While I try to write posts about the arts in general, the fact is the content of my posts tends to orient toward performing arts rather visual arts. That said, there are a lot of parallel experiences that crop up across all disciplines. I caught a Hyperallergic post today by Paddy Johnson who was offering advice to visual artists about career viability if you don’t make art for art fairs and the value of insider/outsider feedback.
The first artist was concerned that by not participating/being invited to some of the big art fairs currently occurring, the opportunity for media coverage and recognition necessary to advance careers was being lost. I saw parallels with performing artists who don’t focus on musical theater/Broadway type content or popular trends in music in their practice and felt marginalized.
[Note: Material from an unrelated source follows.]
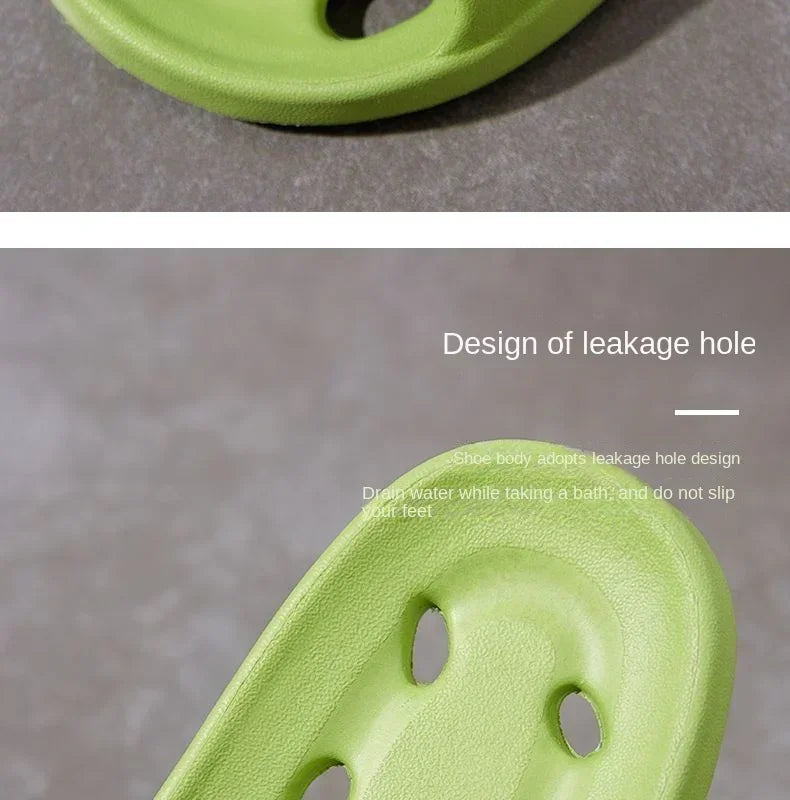 Bathroom Slippers Women Leaking Sandals Cheese Slides Summer Eva Shoes For Men Soft Anti-Slip Flip Flops Couples Indoor Slipper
Johnson points out the oft stated sentiments about niche genres not representing the whole art world and bemoans the fact that such a narrow focus will end up stifling creativity:
The trouble, of course, is that fair art is only one form of art making, and within that environment, it’s pretty easy to forget that other types of art exist. If the main opportunities for visibility center on blockbuster events and sales, outrage, and influencer fodder, then yeah, the people forging unique paths will be perceived to have less value and fewer avenues for visibility.
And that has real consequences for art because it means less diversity, less experimentation, and ultimately a culture where innovation can’t flourish.
However, she also reminds us even outside the arts, performing at the highest level of excellence is not financially rewarded. While some have day jobs to support their creative lives, for some day jobs can preclude being able to attain the highest levels.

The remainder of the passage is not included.